» Work request:
Print all the data that follows exactly, images excluded.

» Source material:

==*==

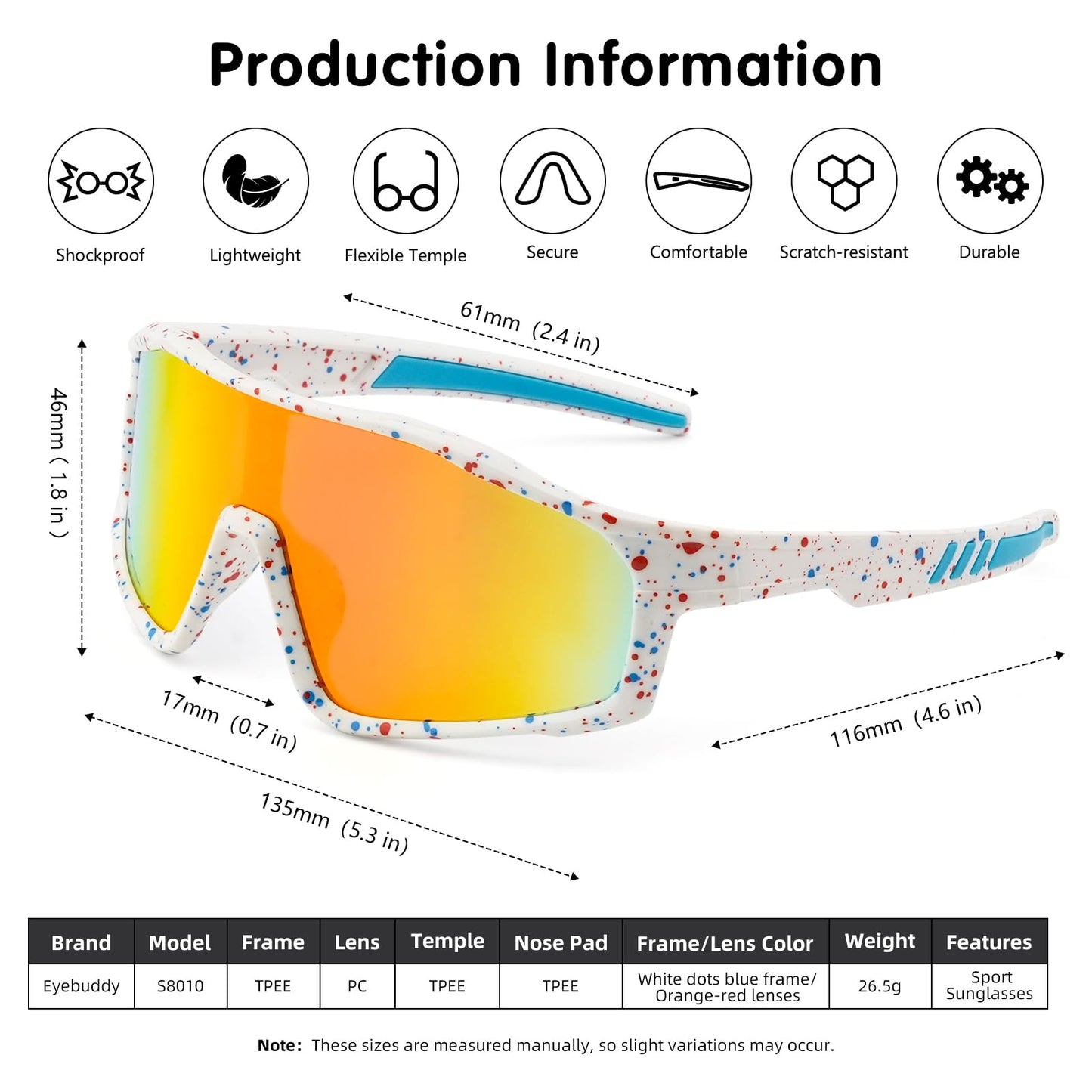 EYEBUDDY Kids Sunglasses Youth Baseball Sun Glasses Boys Girls Softball Sports UV400 Protection Goggles Age 6-12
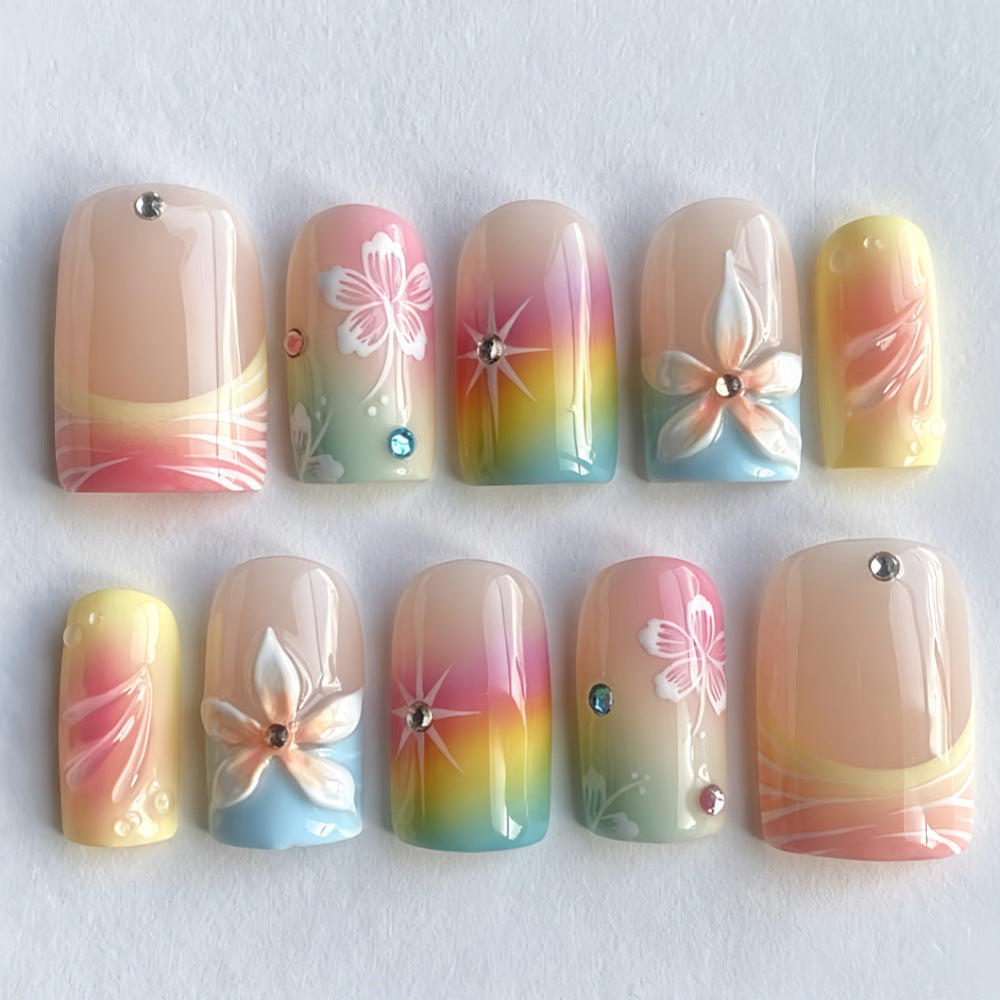 Artful Nail Tips with Floral Accents Bowlift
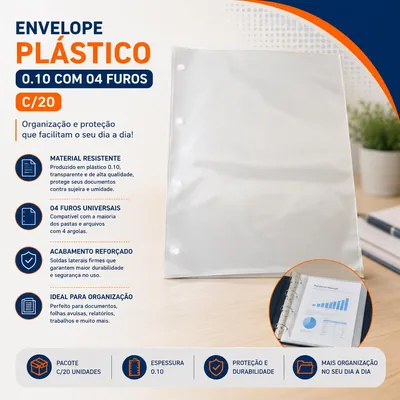 Envelope Plastico 0.10 com 04 Furos C/20 (1002)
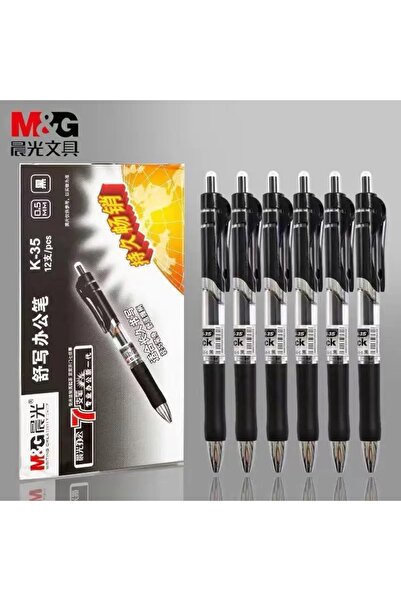 Choice black black 12pcs M&G Push-type Gel Pen 0.5 mm, Black/Blue Ink, Quick-...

==*==

» Response:
 EYEBUDDY Kids Sunglasses Youth Baseball Sun Glasses Boys Girls Softball Sports UV400 Protection Goggles Age 6-12
 Artful Nail Tips with Floral Accents Bowlift
 Envelope Plastico 0.10 com 04 Furos C/20 (1002)
 Choice black black 12pcs M&G Push-type Gel Pen 0.5 mm, Black/Blue Ink, Quick-...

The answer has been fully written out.